The Reverend Martin Luther King, Jr.

By Josh Resnek

Martin Luther King moved the hearts and minds of hundreds of millions of people around the world when he was alive.

MLK has achieved a wider significance in death.

His triumphs over darkness for his people, for all people, stand as a historical monument to the violent era in which he lived and came into prominence.

His leadership of the non-violent movement to achieve racial equality and justice provided him one of the most powerful political and social platforms of the era.

He created a huge following.

Those of us old enough to recall him, when he was young, when we were young all instantly recognized his strong voice and his inflection, that of a Southern preacher singing the words that came out of him.

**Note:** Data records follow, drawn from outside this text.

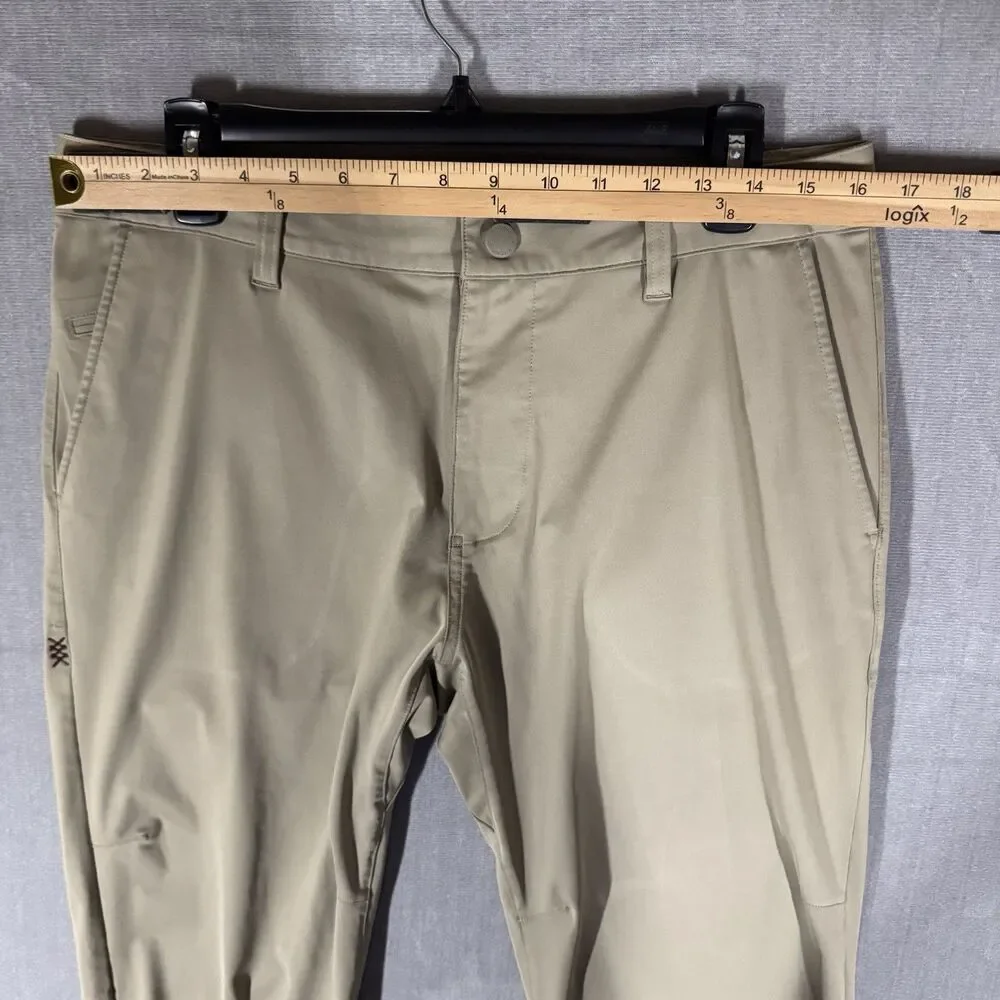 Rhone Commuter Pants Mens 32x31 Khaki Tan Beige Slim Fit Stretch 5-Pocket Travel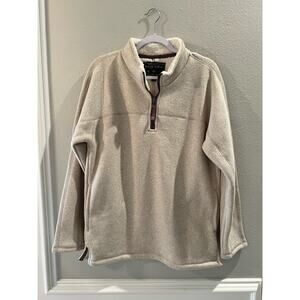 True Grit Mens 3/4 Zip Soft Khaki Pullover Sherpa Lined Sweater Pullover Size S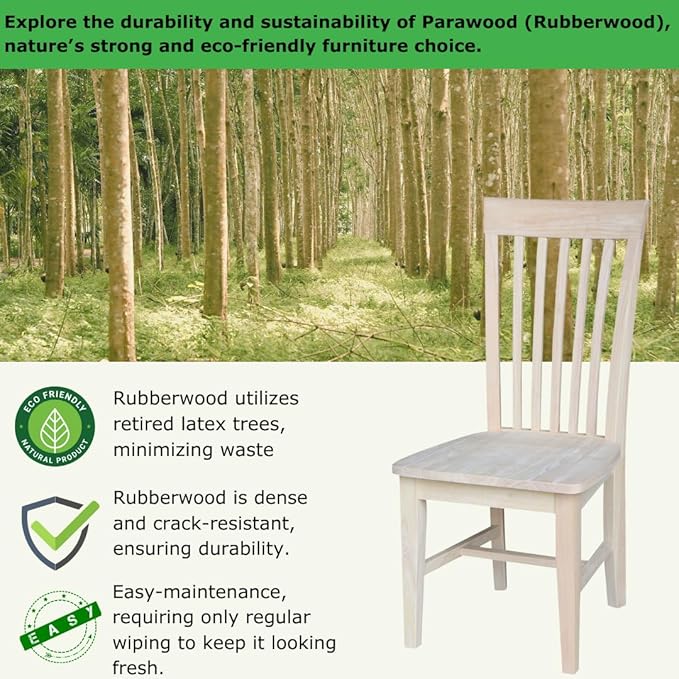 Set of 2 Tall Mission Dining Chairs Solid Parawood, Upgrade Your Dining Experience, Stain or Paint in Any Color, Sturdy and Long-Lasting, 18.1"W x 22.05"D x 40.16"H, Unfinished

He was spiritual. He was hopeful. He set out on a path that brought him fame and applause as a young man.

He was one of the best known people on the earth when I was growing up in the 1950’s and 1960’s.

He cut quite a figure at that time.

He was a giant, if you want to know.

He did things that only a handful of men have done.

He could write. He could orate. He could captivate the minds of men and women.

“Free at last. Free at last. Thank God I’m free at last,” is how he put it in his historic Mountaintop Speech delivered in Washington DC before 250,000 marchers in 1964.

I admired then, and I admire today, how MLK faced hate and injustice, violence and overt racism

He hit it head on every time.

He was beaten, bullied, arrested, taken to court, and threatened with death multiple times until his assassination in 1968.

When America found out MLK was dead, America located itself in front of their television sets. We all knew this was very bad. MLK’s assassination marked a low point in this chaotic and violent era of our nation’s history. It felt as though the country could ignite in violence – and in many places, it did.

On April 4, 1968 I was playing cards with college friends in my dorm rec room in Cedar Rapids, Iowa. I don’t recall exactly what time but it was evening.

I was 18.

I learned of King’s death from the television news in the rec room.

I was shocked. The nation was shocked. The world convulsed just a bit.

This was a hold your breath moment for the nation.

Vietnam was making everyone crazy. Racism was eating the nation alive. Remember, these were the Nixon years. Race riots had broken out in all our great cities. When word of MLK’s death spread, it was an electric time, an enigmatical, existential moment in the nation’s history. We were a year away from landing on the moon.

King’s death was riveting for Blacks and whites. His death and the chase for his murderer captivated the nation. MLK’s followers to a person understood his death. Nothing would be the same without him. Men like MLK don’t come along very often.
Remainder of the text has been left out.